Similarly, we learn in Charney’s chapter 4 that defences of expressive freedom on ‘autonomy’ grounds are also committed to ‘truth’ discovery. In contrast to ‘political’ truth, ‘truth’ in autonomy theories ‘is located within the subject himself and takes the form of authenticity’, or the discovery of the ‘true’ self.79 According to Charney, the tension between truth and freedom manifests as ‘an ambiguous conception of the subject and role of a free press in the public validation of subjectivity’.80 Whether considering ‘inner reflection’ leading to universal principles of action associated with Kantian morality or the procedure for ‘self-reflection’ in Joseph Raz’s theory of personal identification providing access to a ‘true’ self, Charney concludes that free expression ‘is a tool that allows access to different forms of lives, and which permits individuals to identify and to design their plans in accordance with them’.81

E. ‘Truth’ as a Multi-ordinal Concept

Charney’s efforts to ‘shore up’ the ‘truth-seeking’ justification in chapters 3 and 4 are compromised by three factors, each owing to the influence of ‘process-relational’ thought.82

First, the author’s evidence of the ‘resilience’ of the ‘truth-seeking’ rationale comes at the expense of wildly inconsistent versions of ‘truth’. As we know, Charney supports his ‘illusion’ of the free press to access and preserve our understanding of social reality. By contrast, his handling of ‘political’ and ‘individual’ truth in chapters 3 and 4 involves significant narrowing of his conceptions and use of ‘truth’. According to Charney, ‘political’ truth (chapter 3) comprises a democracy’s ‘fundamental normative framework’, internal to the political system itself, which is contained in its ‘plan of a constitution’.83 In autonomy theories (chapter 4), ‘truth’ is further buried within the subject, ultimately comprising one’s ‘true’ self. Unfortunately, whereas Charney’s notion of ‘political’ truth is overly analytical and begs the question, ‘process-relational’ epistemology challenges the concept of one ‘true’ self, indicating that the ‘self’ is relational and contingent upon changes to dyadic relationships and context.

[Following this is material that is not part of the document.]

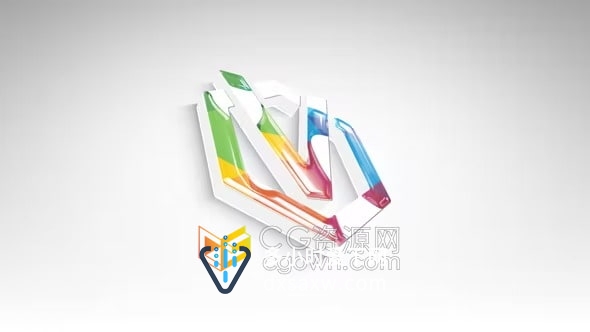 AE模板-闪亮光泽干净公司标志LOGO动画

Secondly, as shown by chapters 3 and 4, the inherent flexibility of ‘truth’ requires careful deployment if one’s overall argument is not to be subtly altered in meaning and course. This excessive variability in ‘truth’ models can be explained more plainly by Korzybski’s theory of ‘multi-ordinality’. As ‘process-relational’ philosophy has shown, ‘truth’ is relational and is established by comparing our verbal formulations’ similarity-of-structure to the outside world—an empirically-oriented form of reality-testing. Korzybski notably includes ‘truth’ in a special group of terms that ‘may have different uses or meanings if applied to different orders of abstraction’.84 The principal characteristic of these ‘multi-ordinal’ terms is that ‘they are ambiguous, or ∞-valued [infinite-valued], in general, and that each has a definite meaning, or one value, only and exclusively in a given context’.85

Finally, Charney arguably mishandles this conceptual flexibility by gradually distancing his analyses from the press itself. For instance, he pivots from his main argument concerning the ‘illusion’ of the free press to a discussion of ‘democratic’ and ‘autonomy’ free expression values in chapters 3 and 4. Charney’s analyses then shift subtly from defending the press’s ‘informational conduit’ role, to showing that rival free expression justifications must still employ ‘truth’ conceptions in their overall structure. Offering only an overly analytical ‘coherence’ theory of ‘political’ truth and an epistemologically challenged notion of the ‘true’ self, Charney’s analyses not only fail to prove the ‘resilience’ of the ‘truth-seeking’ rationale, but suggest that something material is being overlooked. As explored further below, Charney’s progressive minimising of press concerns is difficult to conceive without considering a concomitant undertheorising of the ‘checking function’ of the press.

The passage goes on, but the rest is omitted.